— Your goal —
Copy out every entry that follows, without a single picture.
[[ Records for the task open ]]
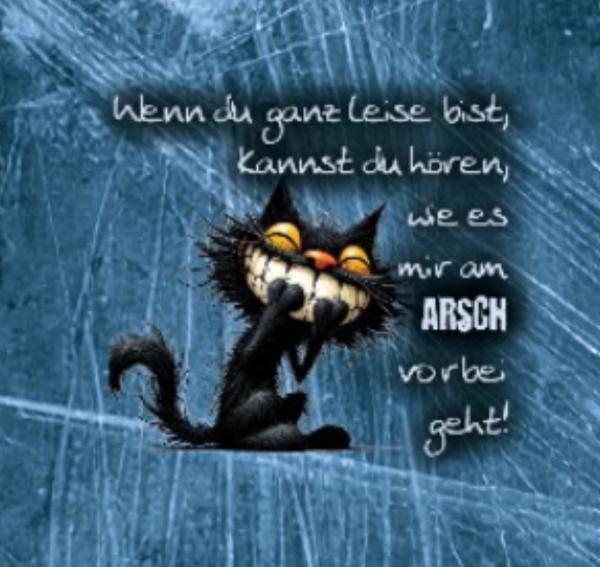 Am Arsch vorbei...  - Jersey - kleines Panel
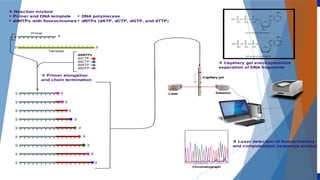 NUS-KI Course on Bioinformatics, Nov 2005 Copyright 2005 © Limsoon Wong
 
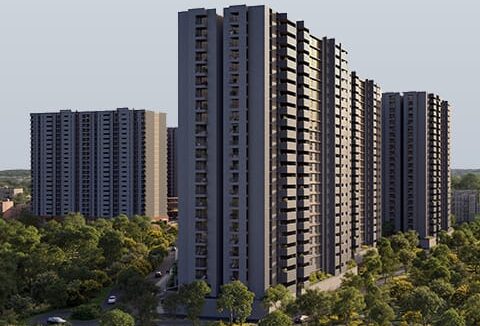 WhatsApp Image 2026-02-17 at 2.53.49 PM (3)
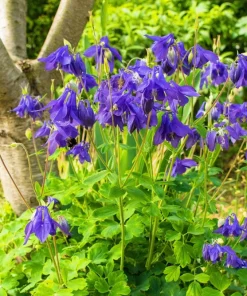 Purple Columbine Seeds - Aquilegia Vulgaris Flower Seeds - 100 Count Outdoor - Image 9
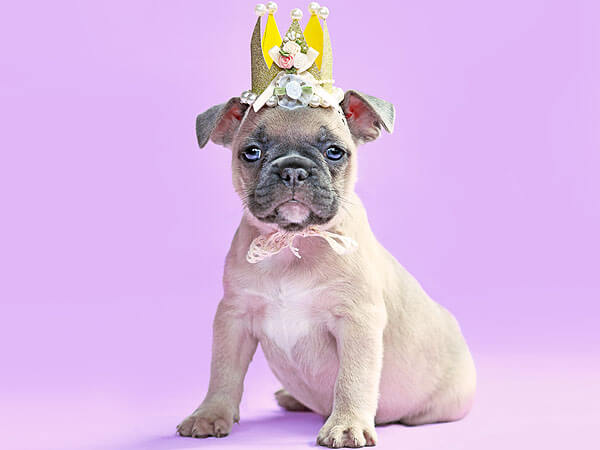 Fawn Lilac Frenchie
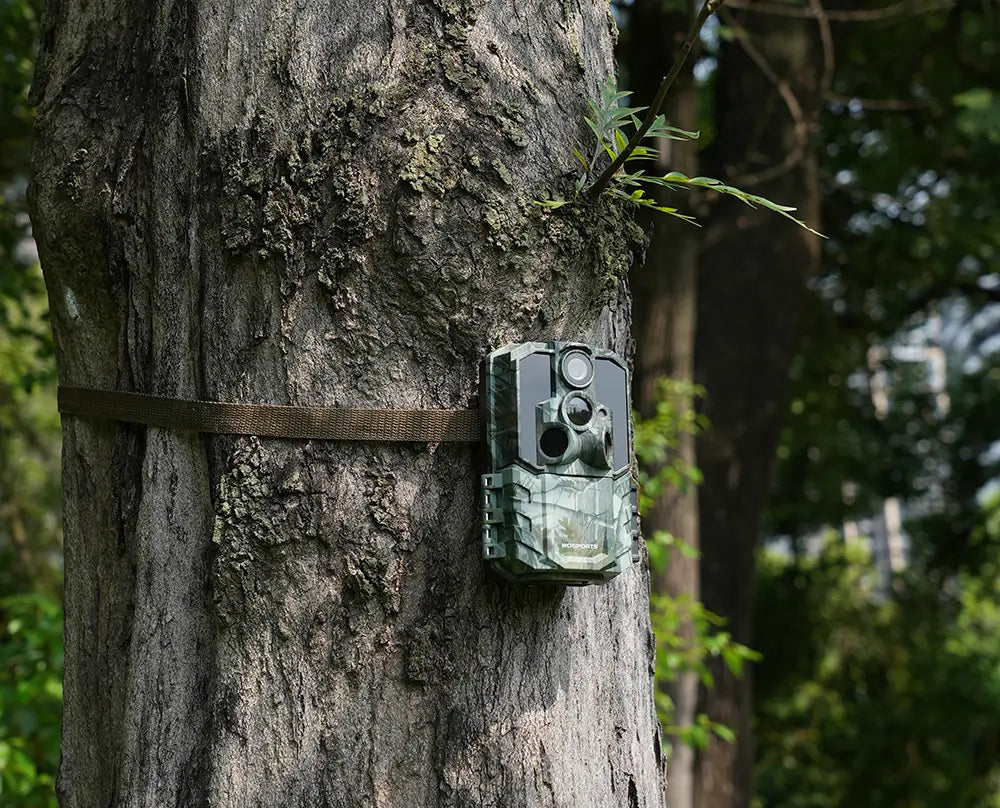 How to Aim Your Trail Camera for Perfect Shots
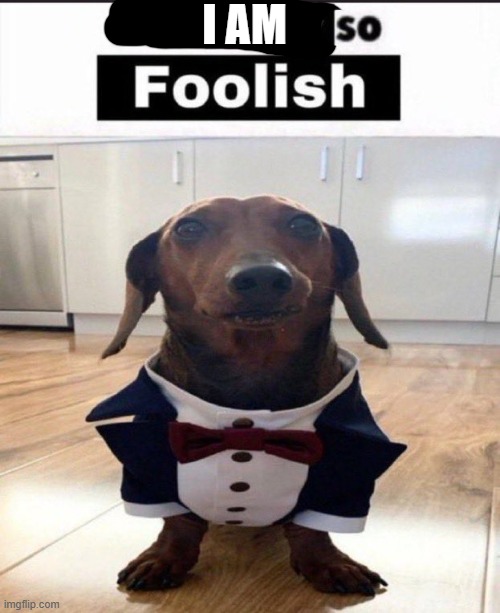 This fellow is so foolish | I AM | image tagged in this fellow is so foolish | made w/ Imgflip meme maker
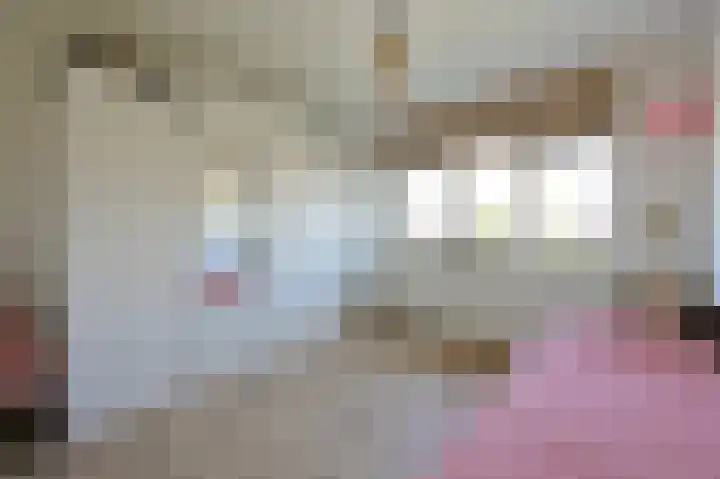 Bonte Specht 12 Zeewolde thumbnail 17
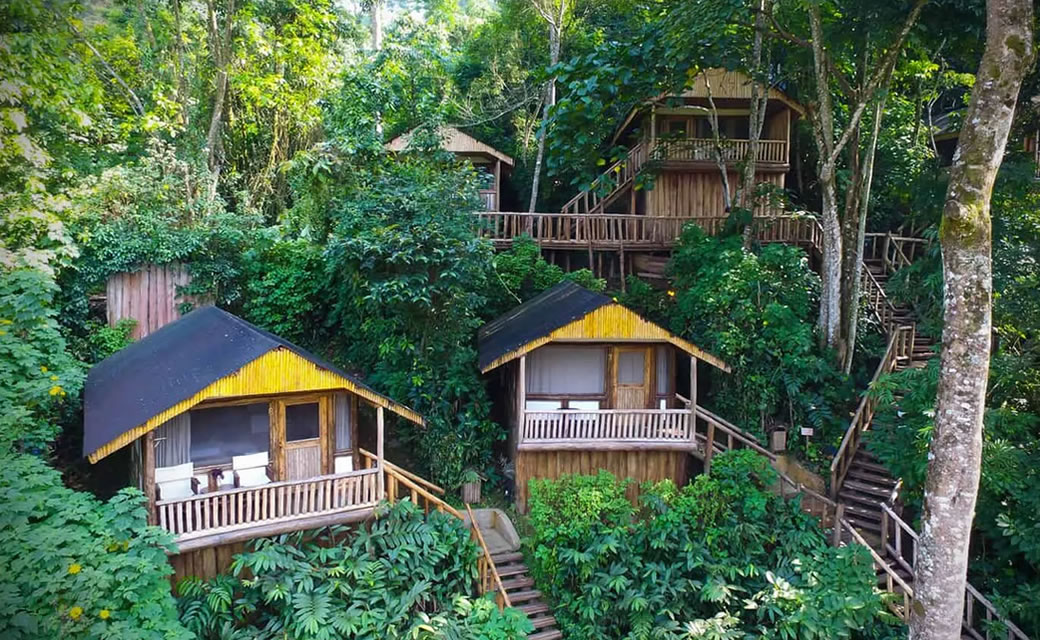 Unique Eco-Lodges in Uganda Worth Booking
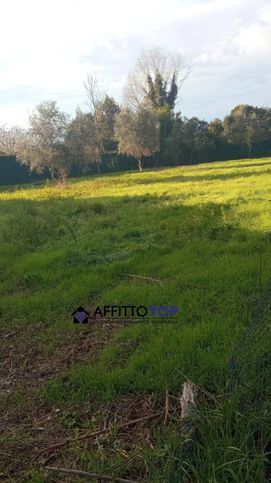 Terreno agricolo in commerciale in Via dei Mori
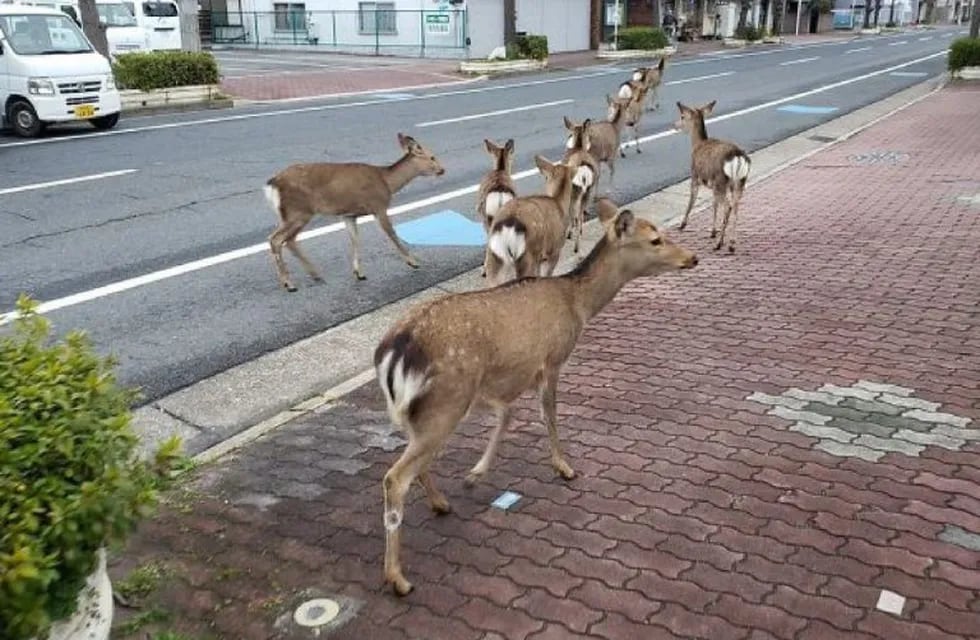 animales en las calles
[[ Records for the task closed ]]
— Exercise output —
 Am Arsch vorbei...  - Jersey - kleines Panel
 NUS-KI Course on Bioinformatics, Nov 2005 Copyright 2005 © Limsoon Wong
 
 WhatsApp Image 2026-02-17 at 2.53.49 PM (3)
 Purple Columbine Seeds - Aquilegia Vulgaris Flower Seeds - 100 Count Outdoor - Image 9
 Fawn Lilac Frenchie
 How to Aim Your Trail Camera for Perfect Shots
 This fellow is so foolish | I AM | image tagged in this fellow is so foolish | made w/ Imgflip meme maker
 Bonte Specht 12 Zeewolde thumbnail 17
 Unique Eco-Lodges in Uganda Worth Booking
 Terreno agricolo in commerciale in Via dei Mori
 animales en las calles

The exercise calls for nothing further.